Frequency-domain measures pertain to HR variability at certain frequency ranges associated with specific physiological processes. Before frequency-domain analysis is performed, all abnormal heartbeats and artifacts must be detected and removed, then cardiotachogram (sequence of RR intervals) must be re-sampled to make it as if it is a regularly sampled signal. A standard spectral analysis routine is applied to such modified recording and the following parameters evaluated on 5-min time interval: Total Power (TP), High Frequency (HF), Low Frequency (LF) and Very Low Frequency (VLF). When long-term data is evaluated an additional frequency band is derived – Ultra Low Frequency.
The HF power spectrum is evaluated in the range from 0.15 to 0.4 Hz. This band reflects parasympathetic (vagal) tone and fluctuations caused by spontaneous respiration known as respiratory sinus arrhythmia.
The LF power spectrum is evaluated in the range from 0.04 to 0.15 Hz.

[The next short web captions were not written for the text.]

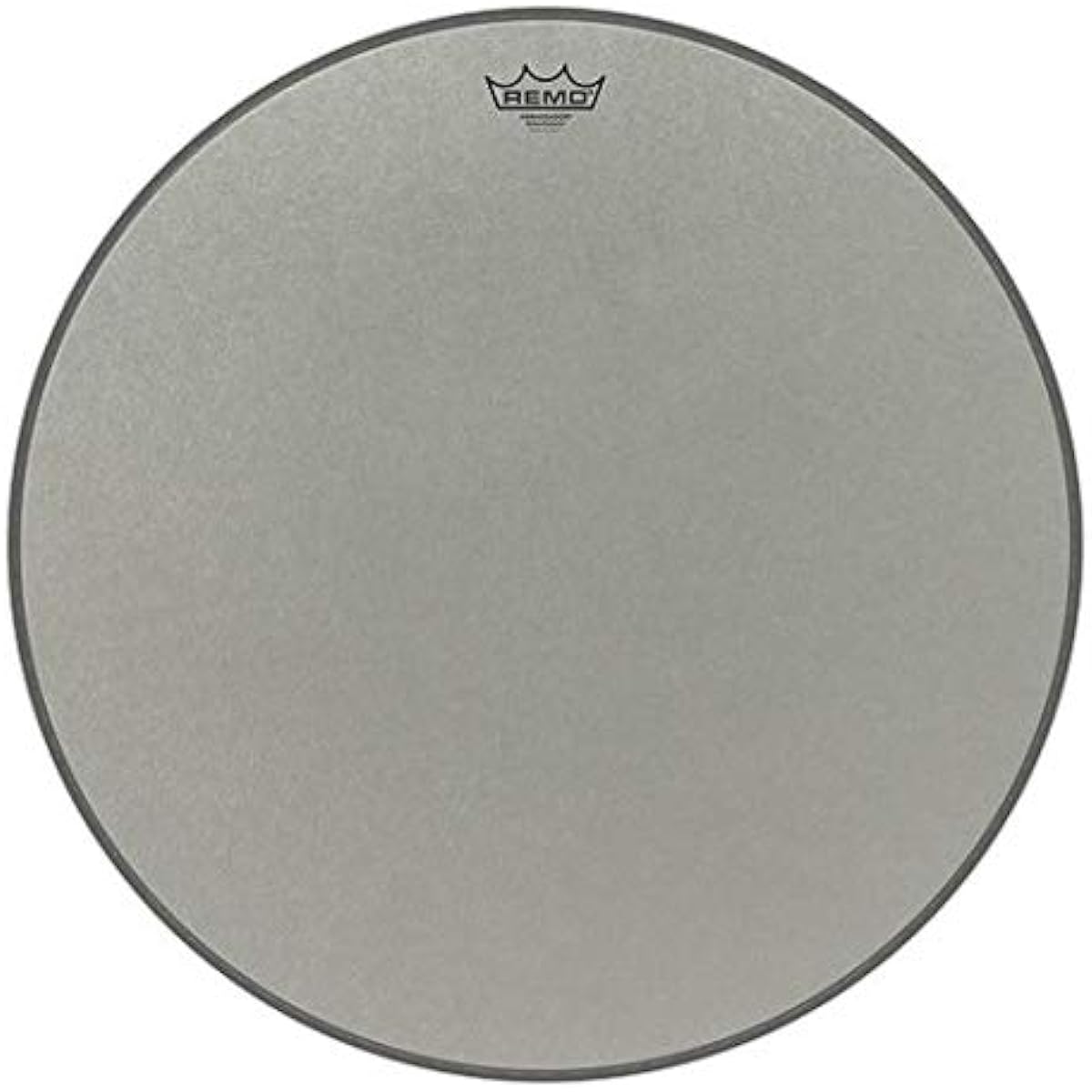 REMO RA-122B Renaissance Bass Drum Head 22"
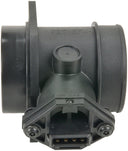 Bosch 0280217103 Mass Air Flow Sensor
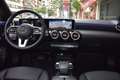 Mercedes-Benz CLA 200 7G-DCT Blanco - thumbnail 10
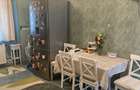 Apartament 4 camere-decomandat-centrala-zona Gorjului - 2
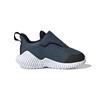 adidas Fortarun Cushioning Low Top Toddler Shoes Infant And Toddler G27174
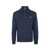 Lacoste Lacoste Sweater BLUE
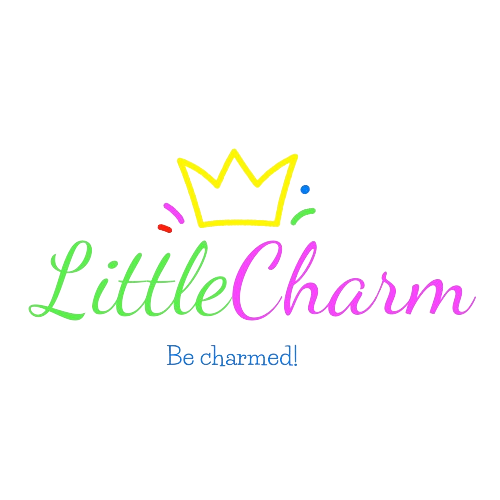 LittleCharm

This band can reflect both sympathetic and parasympathetic tone.
The VLF power spectrum is evaluated in the range from 0.0033 to 0.04 Hz. The physiological meaning of this band is most disputable. With longer recordings it is considered representing sympathetic tone as well as slower humoral and thermoregulatory effects. There are some findings that in shorter recordings VLF has fair representation of various negative emotions, worries, rumination etc.
The TP is a net effect of all possible physiological mechanisms contributing in HR variability that can be detected in 5-min recordings, however sympathetic tone is considered as a primary contributor.
The LF/HF Ratio is used to indicate balance between sympathetic and parasympathetic tone. A decrease in this score might indicate either increase in parasympathetic or decrease in sympathetic tone. It must be considered together with absolute values of both LF and HF to determine what factor contributes in autonomic disbalance.
The frequency domain analysis is traditionally performed by means of Fast Fourier Transformation (FFT). This method is simple in calculation but for fair representation of all frequency-domain HRV scores at least 5-min data should be collected. FFT assumes that time series represents a steady-state process. Because of that all data recordings should be conducted at highly stable standardized conditions, when no other factors other than current autonomic tone contributes in HRV. One of the most serious disadvantages of that is its insensitivity to rapid transitory processes, which often possess very valuable information about how physiology or certain pathological processes behave dynamically.
Some most recent studies implemented an alternative way to estimate power spectrum of HRV. It is based on auto-regression methods. One of its major advantages is that it doesn’t require to have analyzed data series to be in steady state. Thus any HRV data can be analyzed and fair HRV information still derived. Such analysis can be also performed on relatively shorter time intervals (less than 5 minutes) without missing meaningful HRV information. Finally this method is sensitive to rapid changes in HR properly showing tiny changes in autonomic balance. The drawback of this approach is a necessity to perform massive calculations to find best order of auto-regression model.
Normative Data Sets
From clinical perspective it is important not only to evaluate all HRV scores but be able to assess such HRVdata, whether they are normal or not and how to interpret such data. It is known that HRV scores are age-dependent. Most of scores decrease with age. For better HRV data assessment special sets of reference ranges for each HRV parameter were created. Such ranges are based on statistics derived from HR data measured in a number of healthy individuals of different ages under standardized conditions. Such norms are considered as a reference point and cannot be used for any diagnostic purpose.